Making sure the agency has the right backups, the right capabilities and the right distribution across geography in some cases, is vitally important to protecting its data, said Steven Hernandez, Education CISO.

“For us, resilience is an absolute pillar of who we are as an organization and when we think about ransomware it’s really a critical dimension that we’re facing but we’re also looking at things like can we handle 100 million hits all at once AND if a system goes down can we bring it up quickly,” Hernandez said.

Education follows guidance from the National Institute of Standards and Technology, and like most federal agencies, the department has an incident response plan in place if its infrastructure is attacked.

Hernandez said not only do you hope your agency can recover from the attack but also that all of your information has been stored somewhere else, especially if there’s an integrity or availability concern.

“Making sure as we’re coming back up, we’re bringing back information and most importantly we understand what we didn’t get back and that there are gaps in the data and making sure that we have paper records that we may have to pull out in order to put that data back in,” Hernandez said.

Often an investigation is launched if the agency suspects that there’s a criminal element.
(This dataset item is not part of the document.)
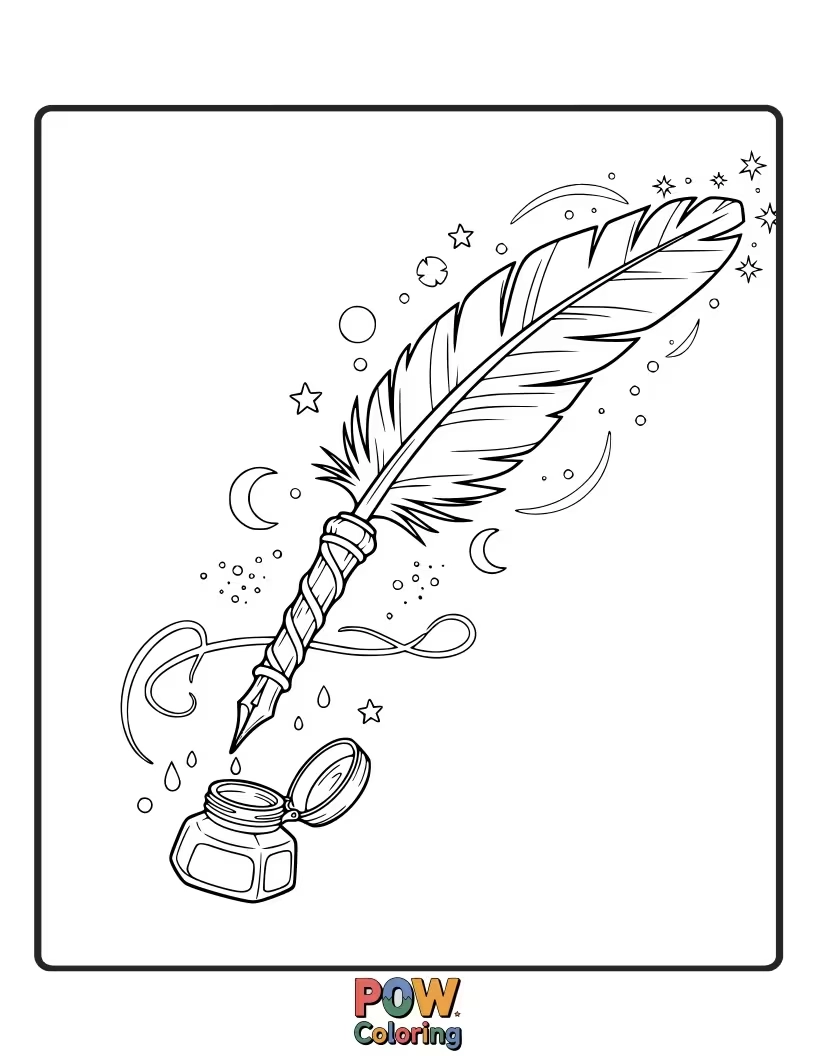 Free coloring page of A magical quill pen writing sparkling, glowing letters in the air.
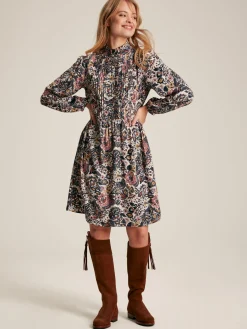 Outlet Joules Lucia Brown Floral Frilled Midi Dress BrownFloral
Hernandez said it’s very important to store those pieces of information that you collect during the investigation.

“Immutable storage is what we have to do for the investigative side of this to give law enforcement partners the evidence they need,” Hernandez said. “Oftentimes that’s making a forensically sound copy from what we have, sometimes the actual data if it’s implicated and making sure we can tuck that away so investigators can use it as evidence down the line.”

For years the discussion around cybersecurity focused on tools, technologies and having the right people to do the job but Hernandez said the user experience and modernization are two big areas really being pushed now.

“When security can become the default choice, the easy choice, the best choice, the user will make that decision correctly every single time. We can make many of the security decisions for the user or at least give the user the option that the default choice is also the secure choice,” Hernandez said.

I think we need to look at the future in terms of how we can deliver not only security but do it in such a way where we enhance and promote that user experience at the same time,” Hernandez added.

Even though zero trust is a concept that has been around for at least a decade many people are asking why now, but Hernandez believes it’s really a matter of technology and that technology is what has gotten us here today.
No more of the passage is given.